DATA FOR PROCESSING -
● ● ● ● ● ● ●

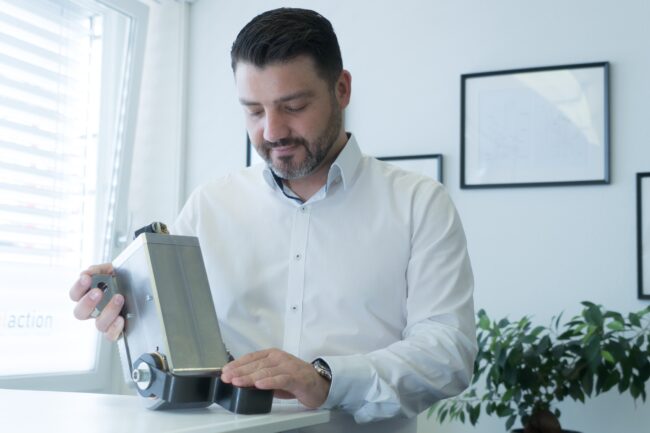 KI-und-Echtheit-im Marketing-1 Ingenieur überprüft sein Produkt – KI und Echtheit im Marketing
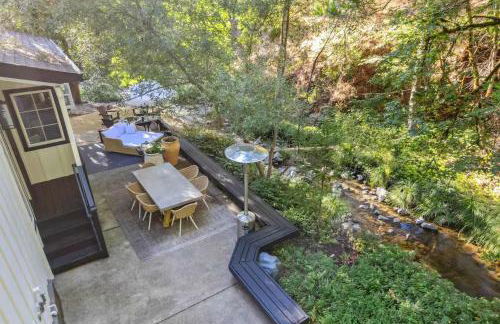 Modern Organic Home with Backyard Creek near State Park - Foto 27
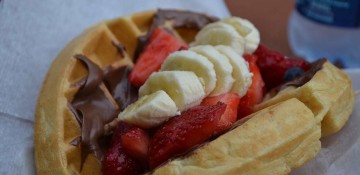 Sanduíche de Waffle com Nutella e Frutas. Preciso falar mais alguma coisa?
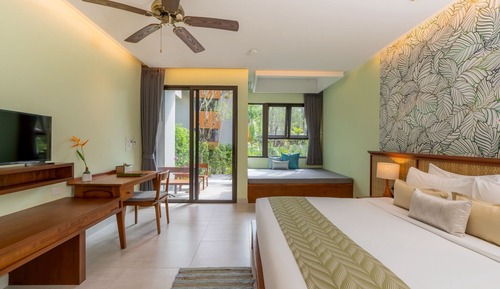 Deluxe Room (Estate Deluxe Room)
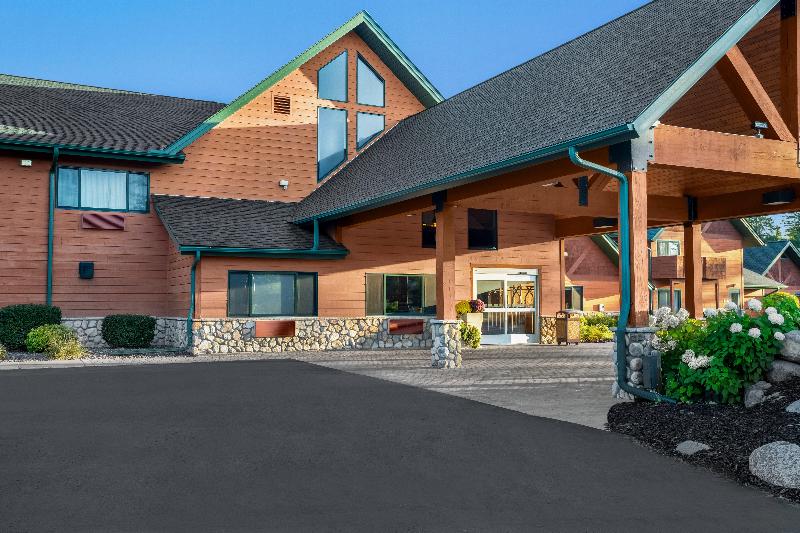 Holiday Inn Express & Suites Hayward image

● ● ● ● ● ● ●

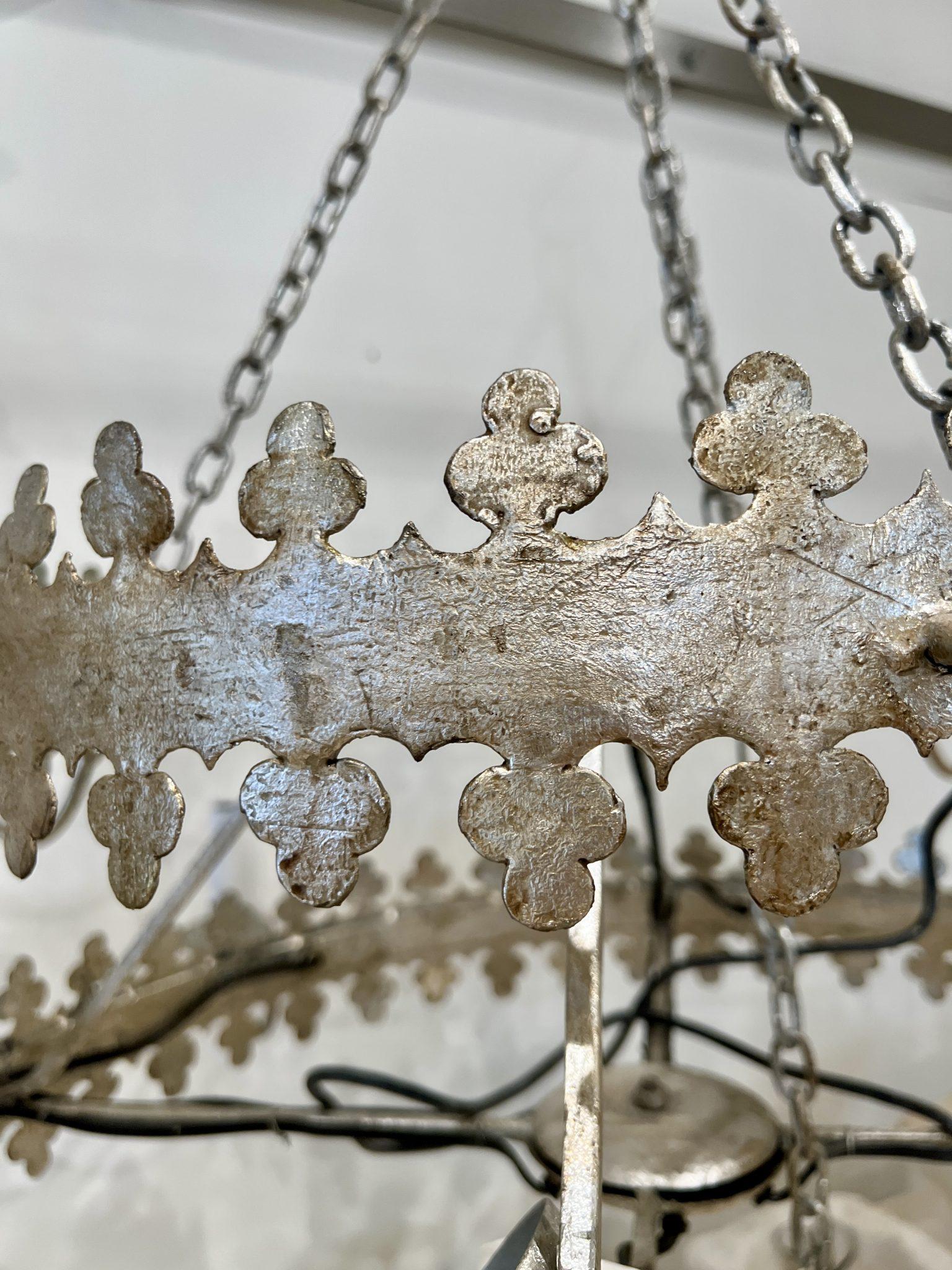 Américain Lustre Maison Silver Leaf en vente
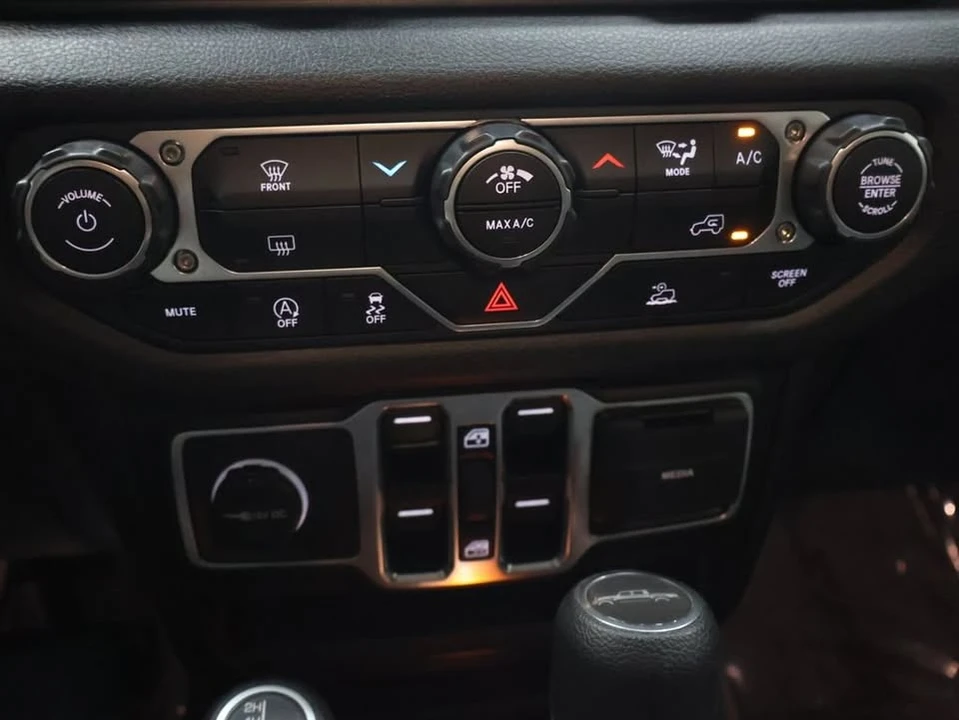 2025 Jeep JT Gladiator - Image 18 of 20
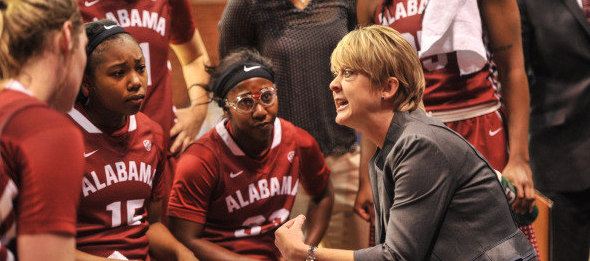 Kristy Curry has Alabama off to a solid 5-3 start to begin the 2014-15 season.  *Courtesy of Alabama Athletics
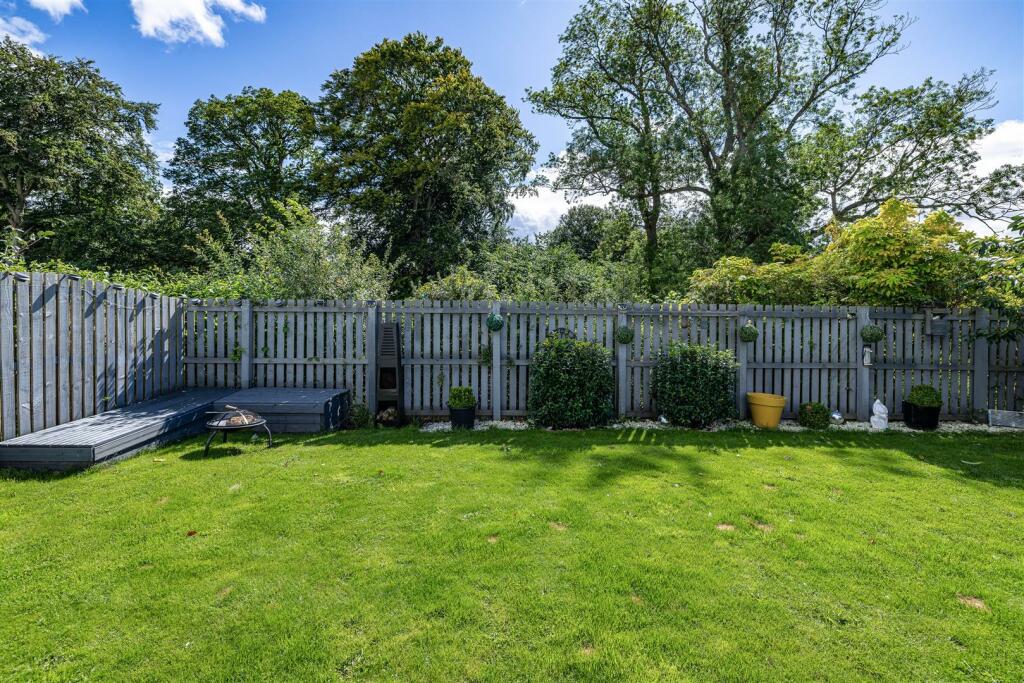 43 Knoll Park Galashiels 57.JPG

● ● ● ● ● ● ●

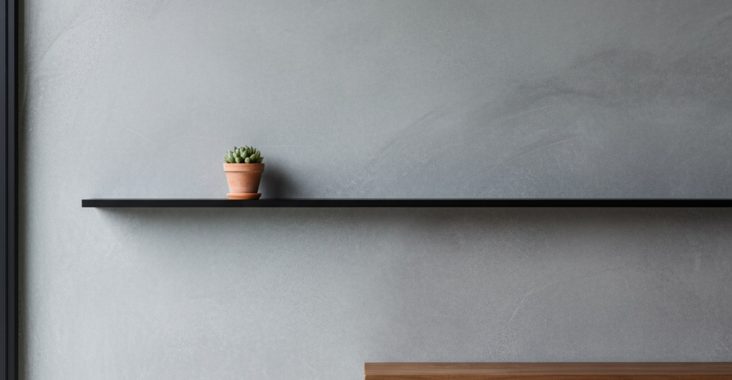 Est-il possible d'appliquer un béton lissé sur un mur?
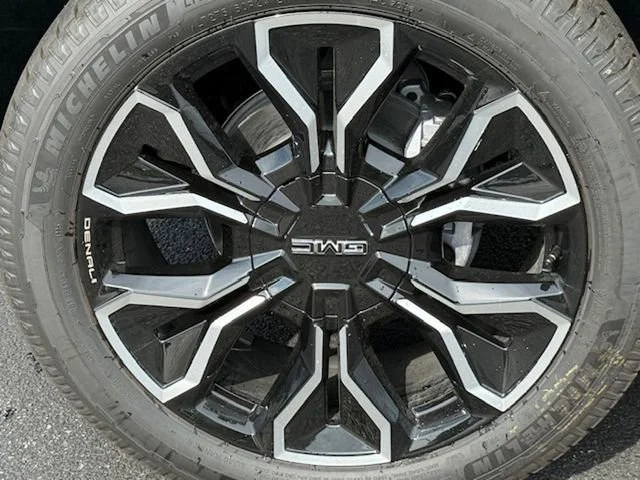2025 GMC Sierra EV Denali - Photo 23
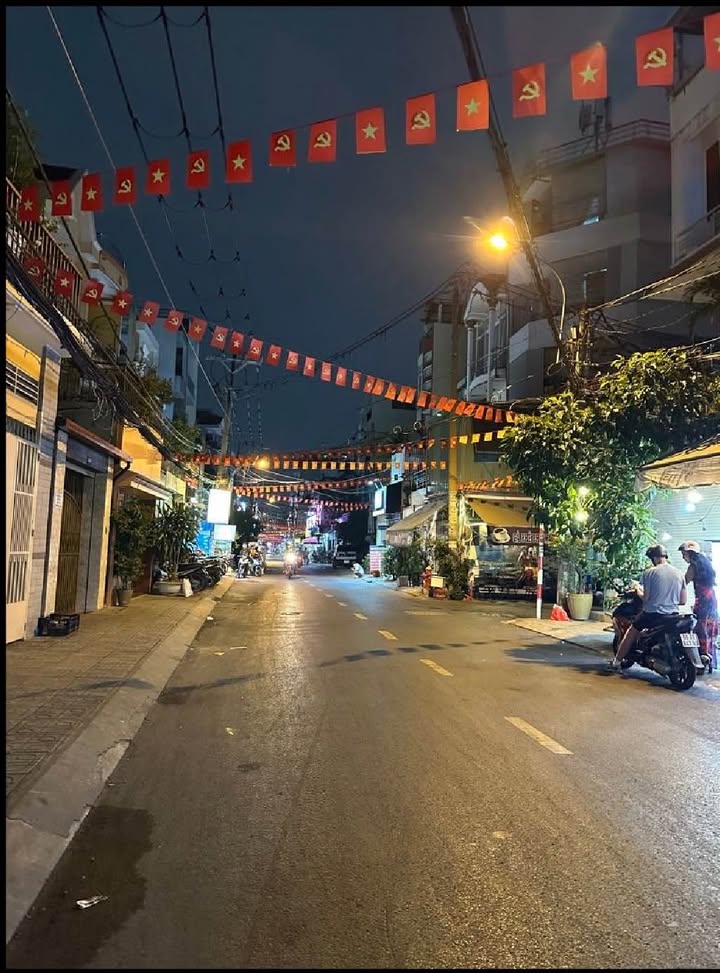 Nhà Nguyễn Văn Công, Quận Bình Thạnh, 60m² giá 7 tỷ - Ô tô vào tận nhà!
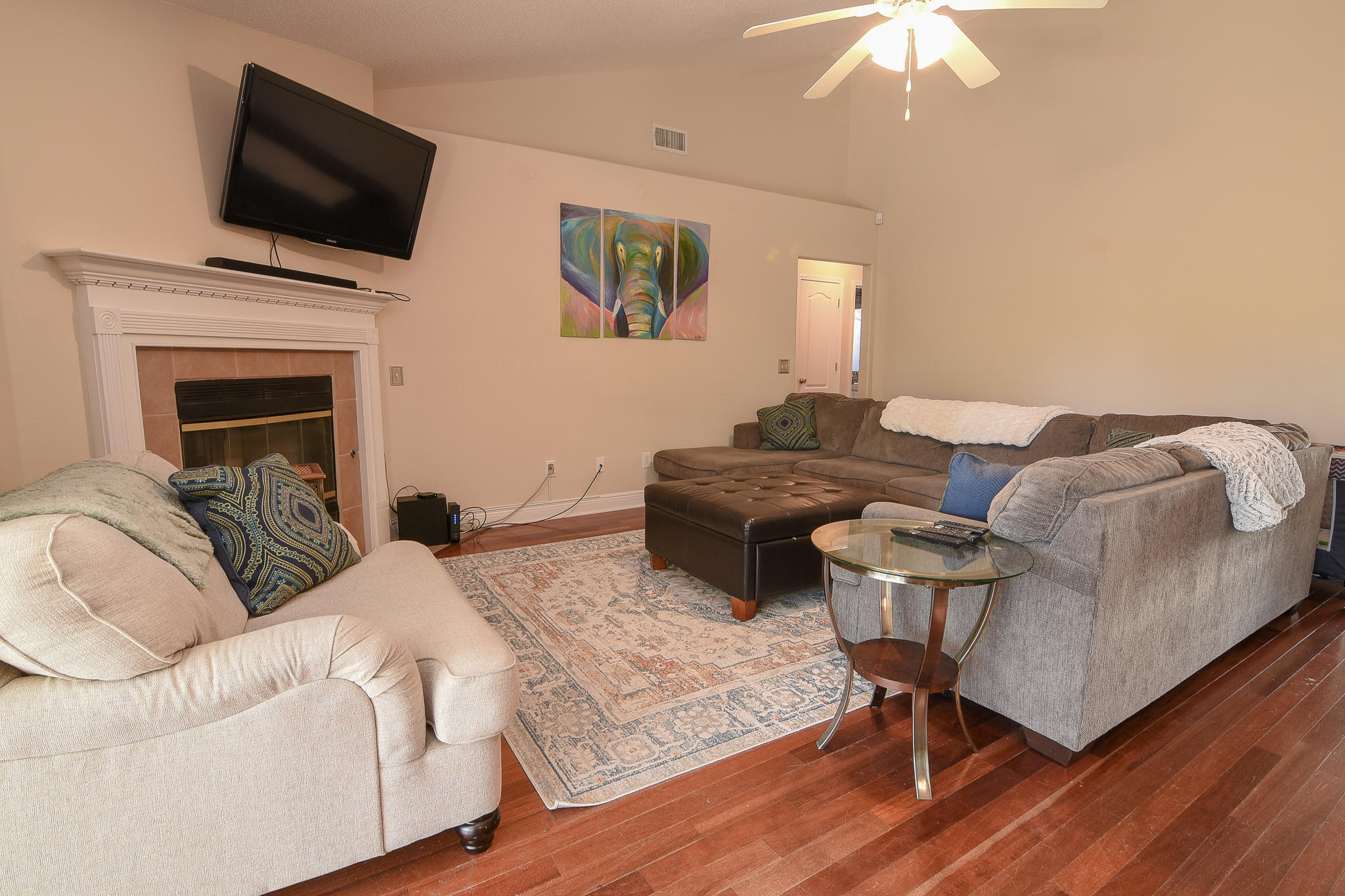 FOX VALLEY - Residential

● ● ● ● ● ● ●

TASK DIRECTIONS -
Give the lines above again exactly, from the one containing "Deluxe Room (Estate Deluxe Room)" to the one containing "Holiday Inn Express & Suites Hayward image", both included, but leave out the pictures.

TASK ANSWER -
 Deluxe Room (Estate Deluxe Room)
 Holiday Inn Express & Suites Hayward image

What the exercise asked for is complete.